Critical charge fluctuations and emergent coherence in a strongly correlated excitonic insulator

TL;DR

This paper uses polarization-resolved Raman spectroscopy to identify and analyze excitonic modes in Ta$_2$NiSe$_5$, revealing strong correlations and coherence effects that clarify the nature of the excitonic insulator phase.

Contribution

It provides the first direct spectroscopic evidence of a quadrupolar excitonic mode in Ta$_2$NiSe$_5$ and explores its critical behavior near the phase transition.

Findings

Identification of a quadrupolar excitonic mode

Softening of the mode near the phase transition

Emergence of coherent superpositions at low temperatures

Abstract

Excitonic insulator is a coherent electronic phase that results from the formation of a macroscopic population of bound particle-hole pairs - excitons.
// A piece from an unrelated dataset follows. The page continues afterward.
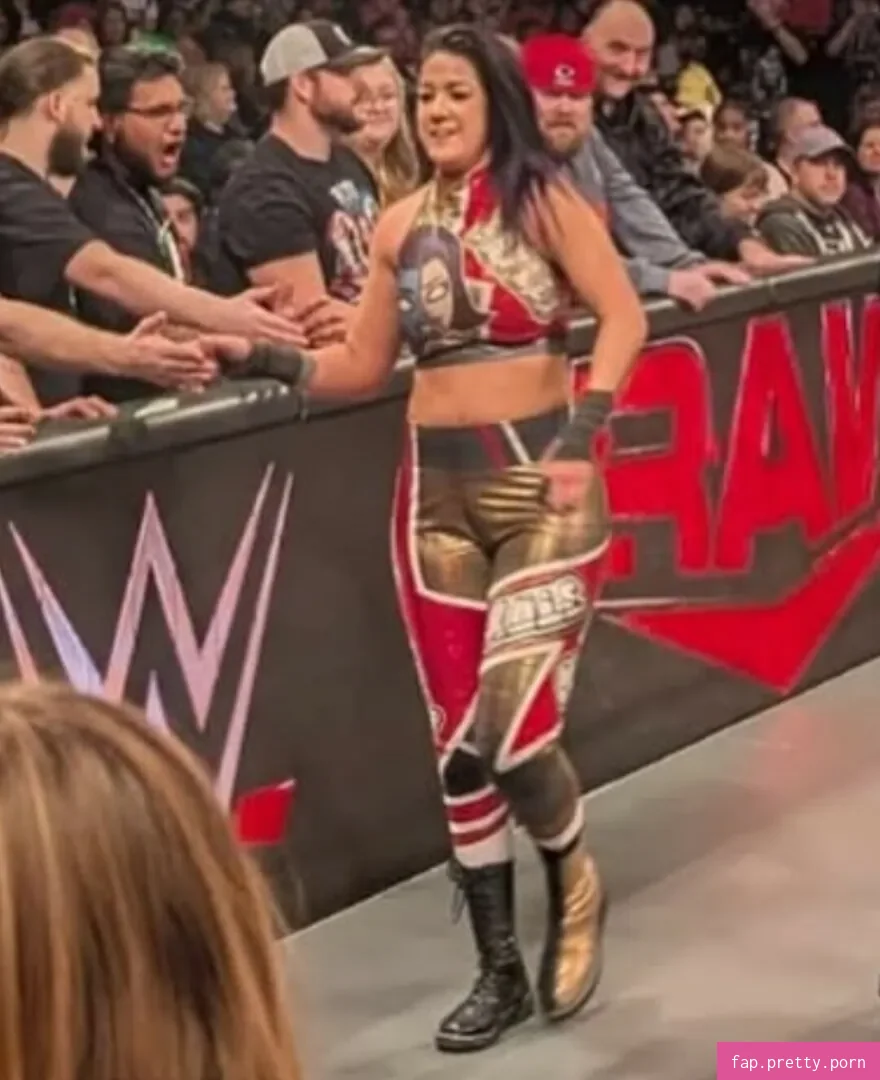 Bayley - Photo #19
With only a few candidate materials known, the collective excitonic behavior is challenging to observe, being obscured by crystalline lattice effects. Here we use polarization-resolved Raman spectroscopy to reveal the quadrupolar excitonic mode in the candidate zero-gap semiconductor Ta$_2$NiSe$_5$ disentangling it from the lattice phonons. The excitonic mode pronouncedly softens close to the phase transition, showing its electronic character, while its coupling to non-critical lattice modes is shown to enhance the transition temperature. On cooling, we observe the gradual emergence of coherent superpositions of band states at the correlated insulator gap edge, with strong departures from mean-field theory predictions. Our results demonstrate the realization of a strongly correlated excitonic state in an equilibrium bulk material.